L’arrêt Google Spain de la Cour de justice de l’Union européenne : un clic de plus vers la reconnaissance d’un droit à l’oubli numérique

par Edouard Cruysmans - 4 juillet 2014

La protection des données personnelles sur internet est un enjeu extrêmement important. A défaut de texte légal spécifique à cette problématique, ses contours juridiques se dessinent notamment au gré de décisions rendues par les juridictions nationales et européennes. Le 13 mai 2014, dans une affaire opposant un citoyen espagnol au géant Google, la Cour de justice de l’Union européenne a apporté une pierre importante à l’édifice en consacrant notamment l’existence d’un droit à l’oubli numérique.

1. Qui n’a jamais effectué une recherche en encodant ses nom et prénom sur internet dans le but de prendre connaissance des résultats proposés par les moteurs de recherche ? En consultant les pages qui vous concernent, certains se sont sans doute offusqués de voir, tantôt un lien, tantôt un texte, tantôt une image, portant potentiellement atteinte à sa vie privée.

Alors que le net constitue une formidable mémoire virtuelle qui permet à tout un chacun de disposer en un temps éclair d’une multitude d’informations sur un sujet donné, cette infaillibilité de la mémoire peut s’avérer dommageable quand elle ne permet plus d’effacer certaines données considérées comme personnelles.

2. C’est à ce constat qu’est arrivé un citoyen espagnol en effectuant une recherche sur sa propre identité.
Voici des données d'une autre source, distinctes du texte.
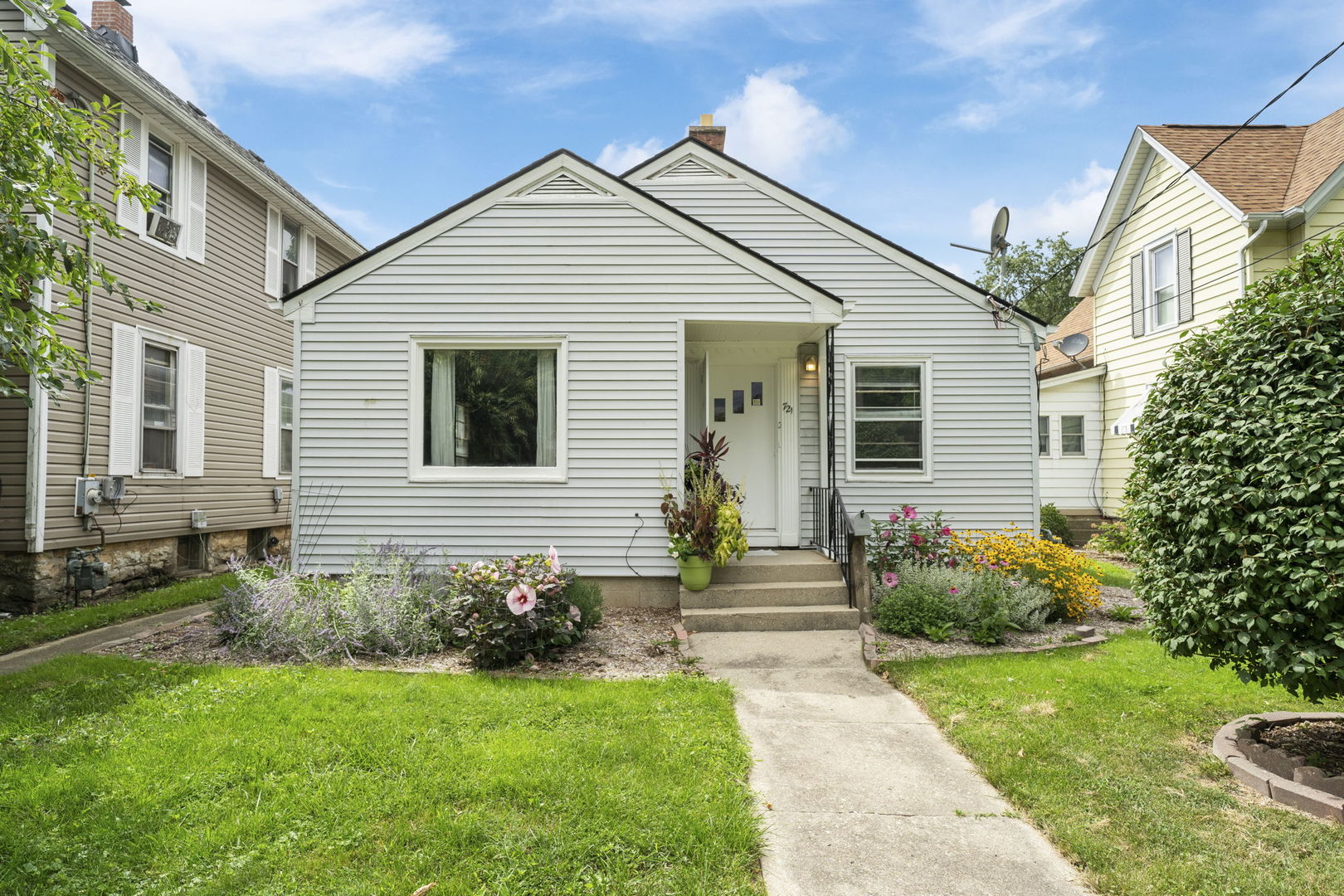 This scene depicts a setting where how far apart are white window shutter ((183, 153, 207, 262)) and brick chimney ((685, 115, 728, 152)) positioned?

Google proposait dans les résultats obtenus, entre autres, un lien vers deux archives d’un quotidien espagnol relatant une saisie immobilière dans le cadre d’une procédure en recouvrement de cotisations sociales.

La première publication avait été imposée dans la version « papier » de ce journal, quelques années auparavant, par le ministère espagnol du Travail et des Affaires sociales. Soucieux de protéger sa vie privée, ce citoyen espagnol a introduit, notamment auprès des sociétés Google Spain (la filiale espagnole) et Google Inc. (la société mère) des demandes visant, d’une part, à supprimer ou, au moins, à modifier les informations qu’il estimait dommageables et, d’autre part, à effacer des résultats proposés par le moteur de recherche les pages relatives à ces données.

L’affaire est allée jusque devant la Cour de justice de l’Union européenne qui a rendu, le 13 mai 2014 un arrêt important relatif à la protection des données personnelles sur internet.

3. L’arrêt se penche sur l’application de la directive 95/46/CE, qui contient l’ensemble des règles européennes en matière de protection des données à caractère personnel, directive qui a été transposée dans l’ensemble des législations des États membres de l’Union européenne, en ce compris l’Espagne.

L’application de ce texte est conditionnée par l’existence d’un « traitement » de données personnelles effectué par un « responsable », soumis sur la base de critères de rattachement à l’une des législations nationales transposant les termes de la directive.

Selon la Cour de justice de l’Union européenne, lorsqu’un internaute effectue une recherche par le biais d’un moteur de recherche, dès lors que l’exploitant de ce moteur de recherche extrait des informations, les enregistre et les organise, les conserve et, enfin, les communique aux internautes, il réalise en réalité un « traitement » de données personnelles dont il est le « responsable » puisqu’il en détermine les finalités et les moyens.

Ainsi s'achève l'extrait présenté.